_What the task asks_:
Your answer should hold only the lines from the one with "1 pcs : AQ27E-59A-H" through the end of the records, repeated exactly and minus any pictures.

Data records
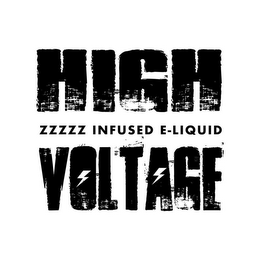 HIGH VOLTAGE ZZZZZ INFUSED E-LIQUID logo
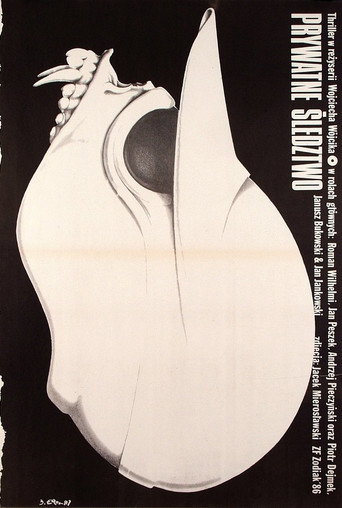 Private investigation movie poster
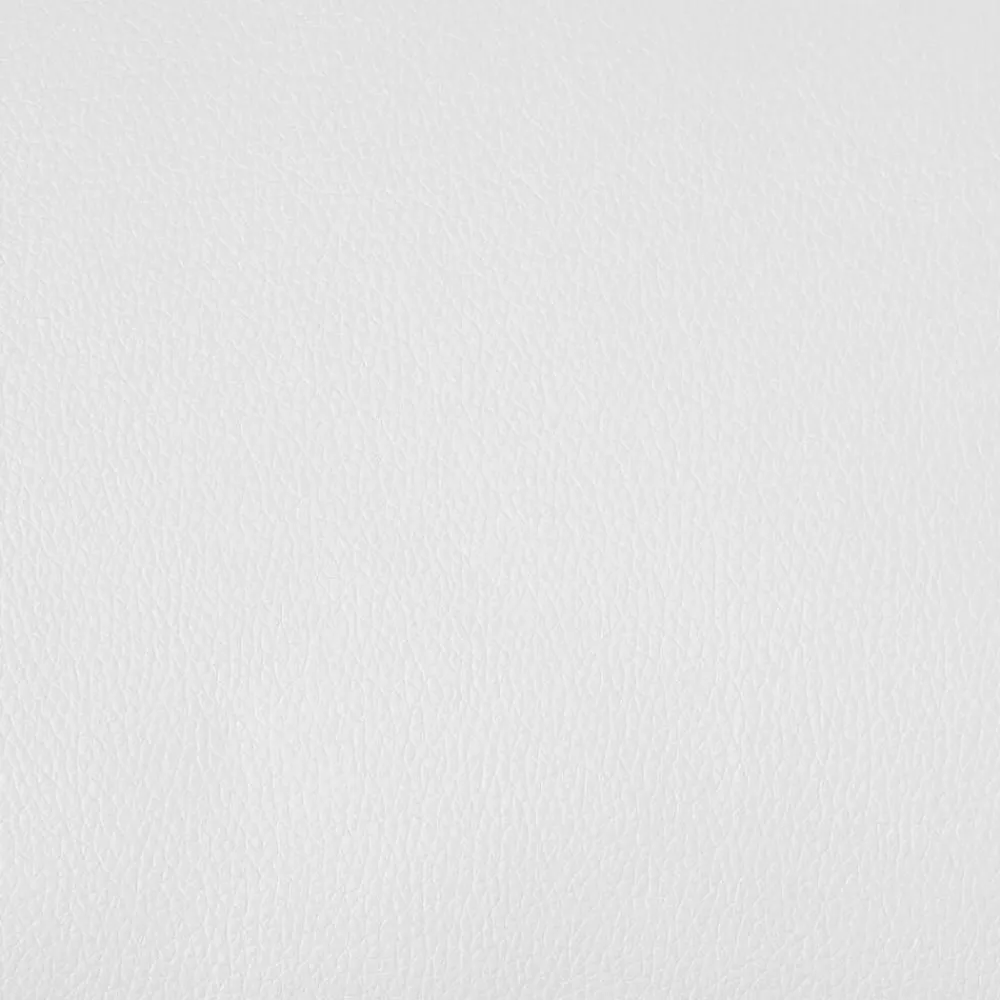 vidaXL Sillón de cuero sintético Blanco Hot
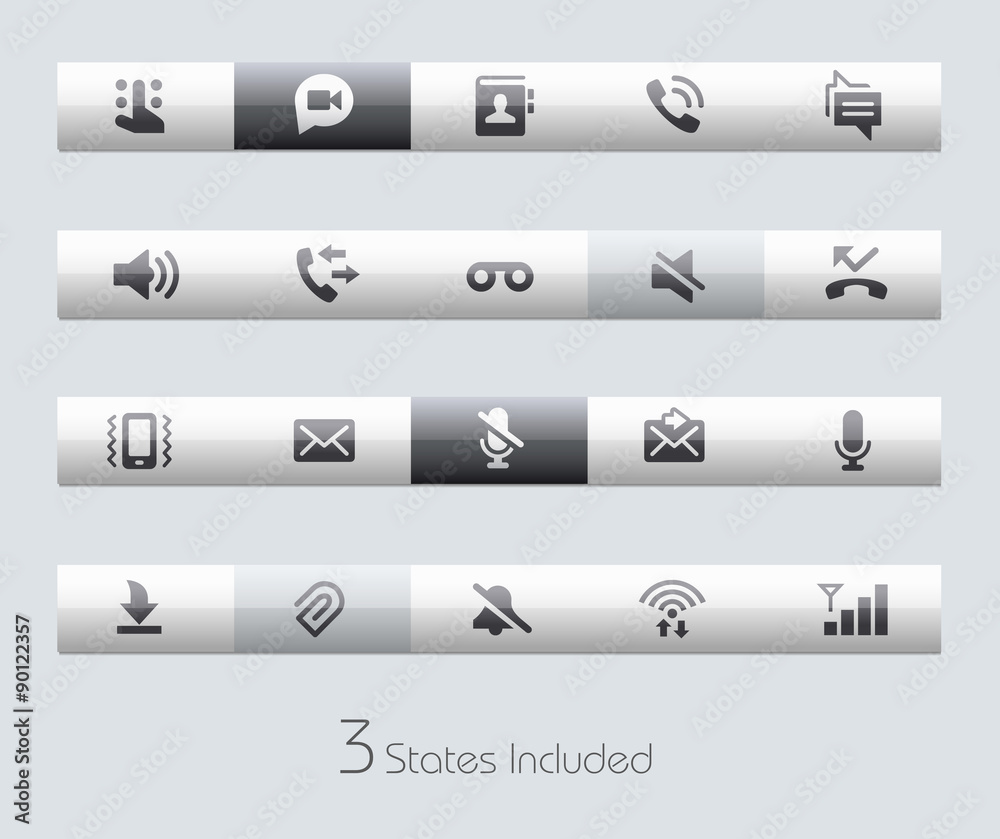 Canvas Prints web and mobile 1 -- eps file includes 3 states.
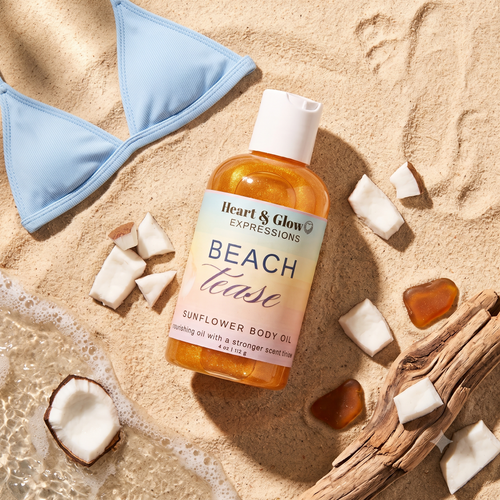 Beach Tease — Sunflower Body Oil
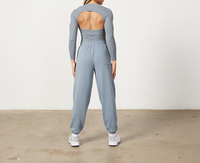 Pantalons de jogging pour femmes de haute qualité, impression en silicone personnalisée, logo brodé en strass, pantalons décontractés d'extérieur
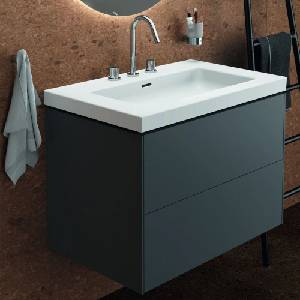 Ideal Standard Atelier Умивалник Extra бял гланц с 3 отвора за смесител 81 см (T436401)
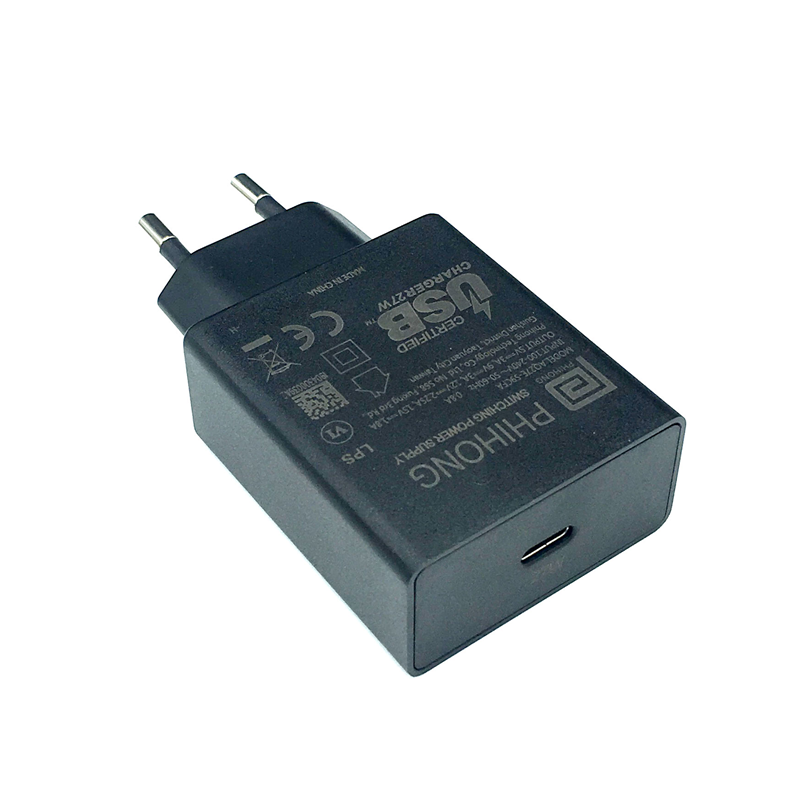 1 pcs : AQ27E-59A-H - AC/DC WALL MNT ADAPTER 5V/9V 27W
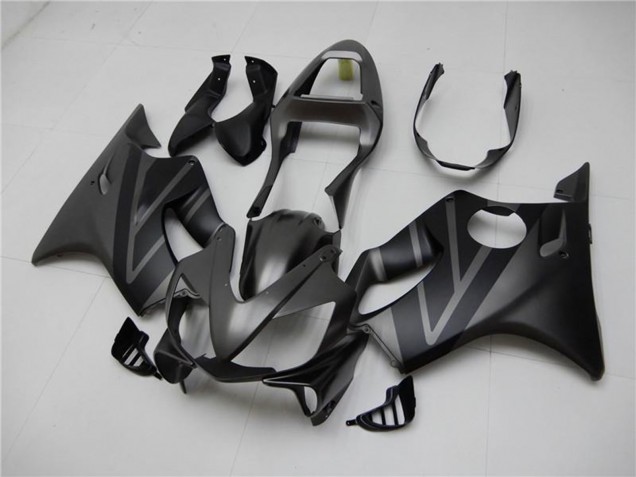 Kits Carenado Moto Honda CBR600 F4i 2001-2003 - Negro Mate Gris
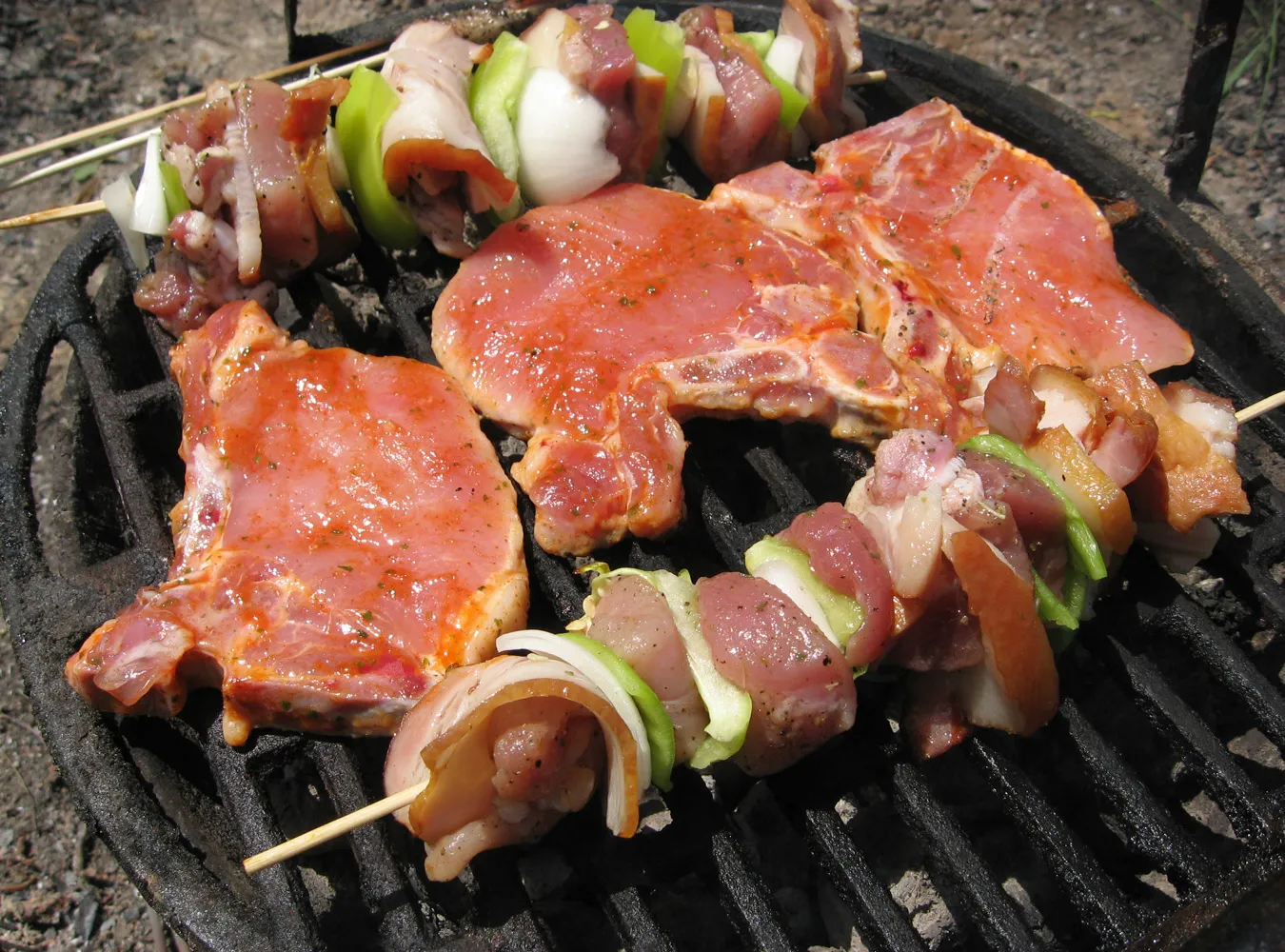 Mięsko z grilla groźne dla zdrowia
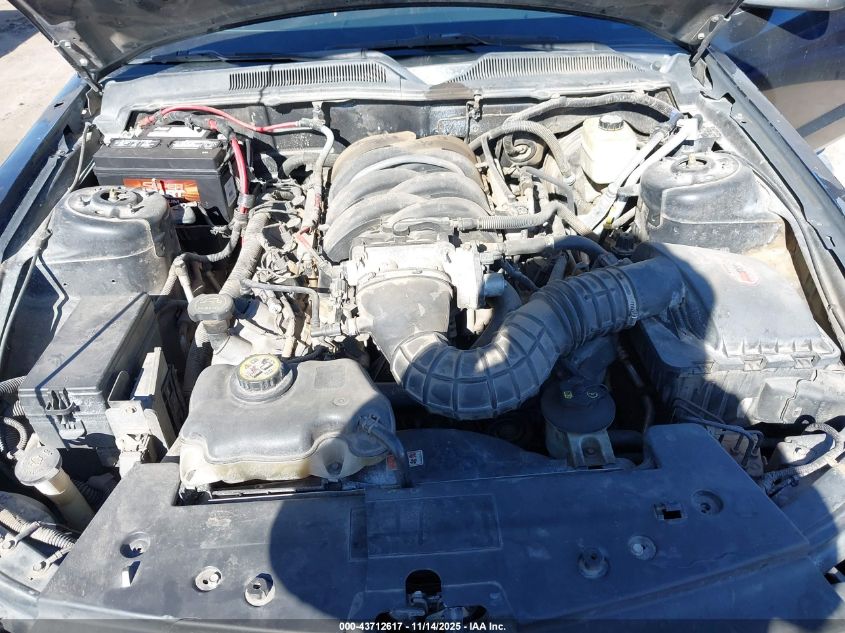 2007 Ford Mustang Gt Deluxe/Gt Premium VIN: 1ZVFT82H475288098 Lot: 43712617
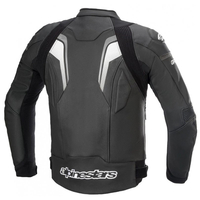 Кожено яке ALPINESTARS GP PLUS R V3 BLACK/WHITE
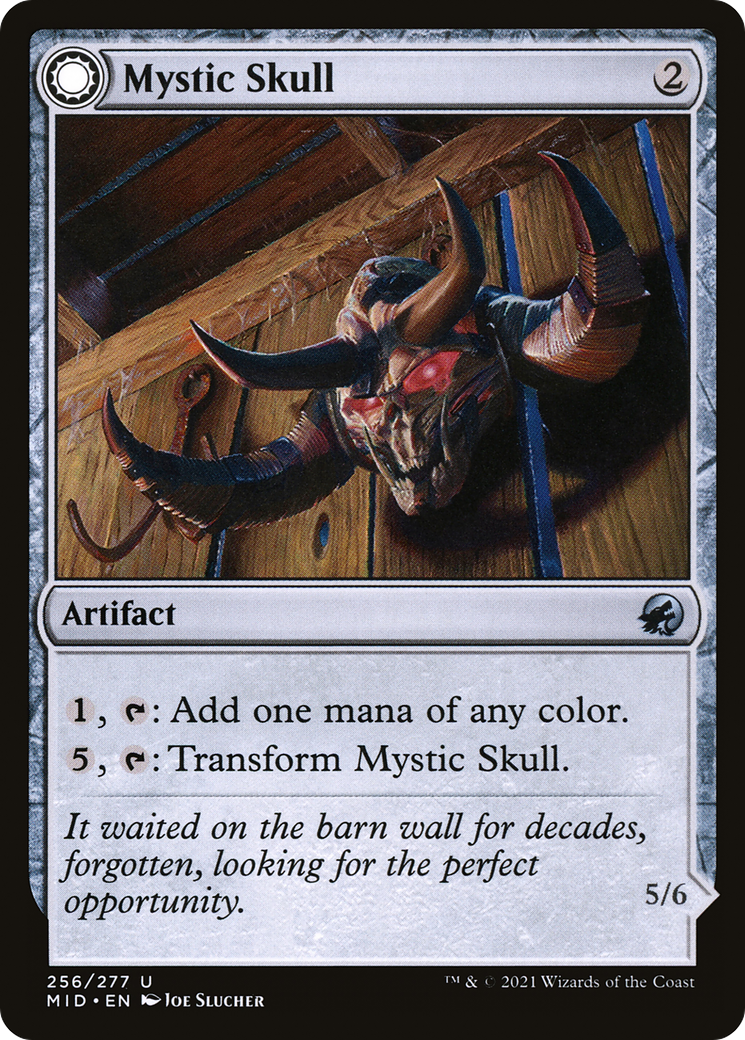 Mystic Skull // Mystic Monstrosity (MID-256)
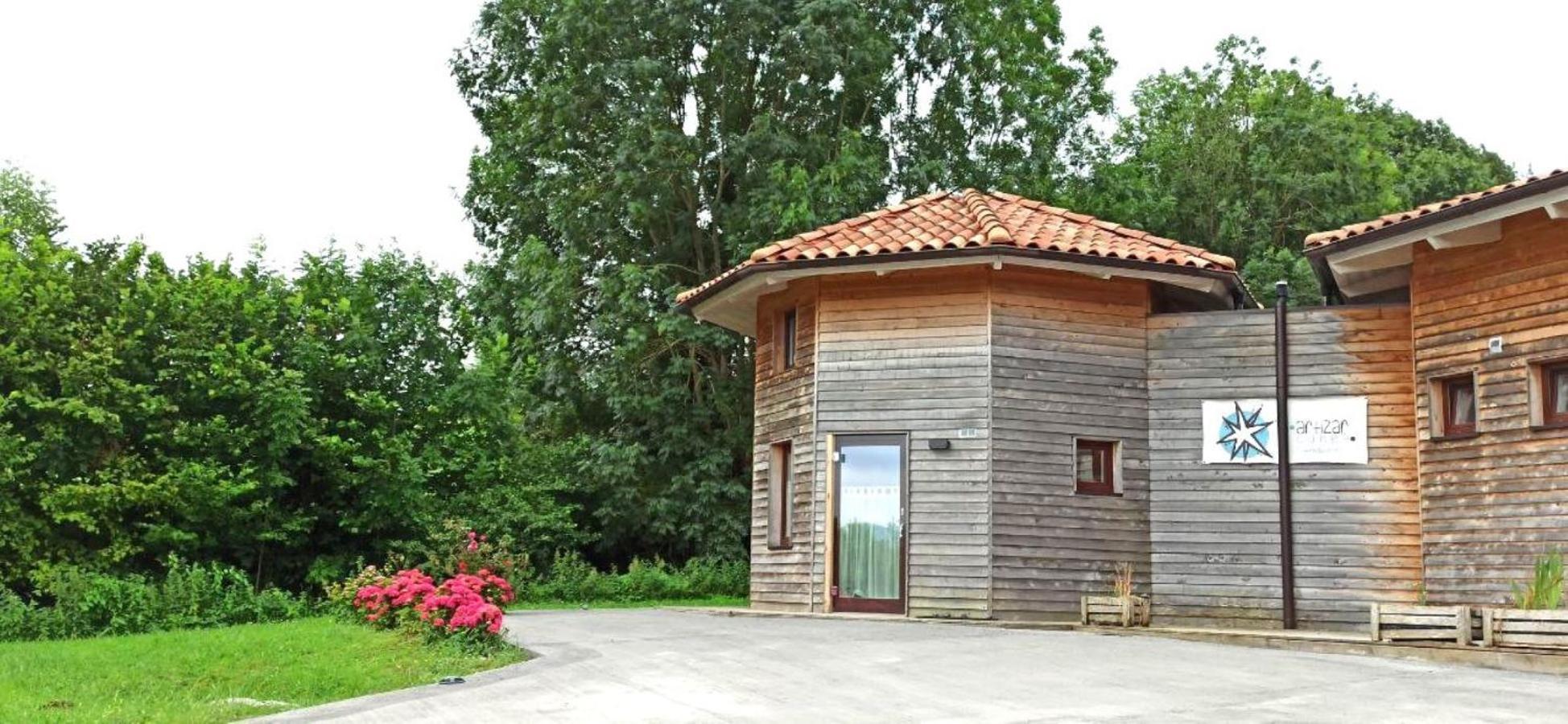 Mini Casa Con Jardin Villa Mungia Eksteriør bilde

_Response area_:
 1 pcs : AQ27E-59A-H - AC/DC WALL MNT ADAPTER 5V/9V 27W
 Kits Carenado Moto Honda CBR600 F4i 2001-2003 - Negro Mate Gris
 Mięsko z grilla groźne dla zdrowia
 2007 Ford Mustang Gt Deluxe/Gt Premium VIN: 1ZVFT82H475288098 Lot: 43712617
 Кожено яке ALPINESTARS GP PLUS R V3 BLACK/WHITE
 Mystic Skull // Mystic Monstrosity (MID-256)
 Mini Casa Con Jardin Villa Mungia Eksteriør bilde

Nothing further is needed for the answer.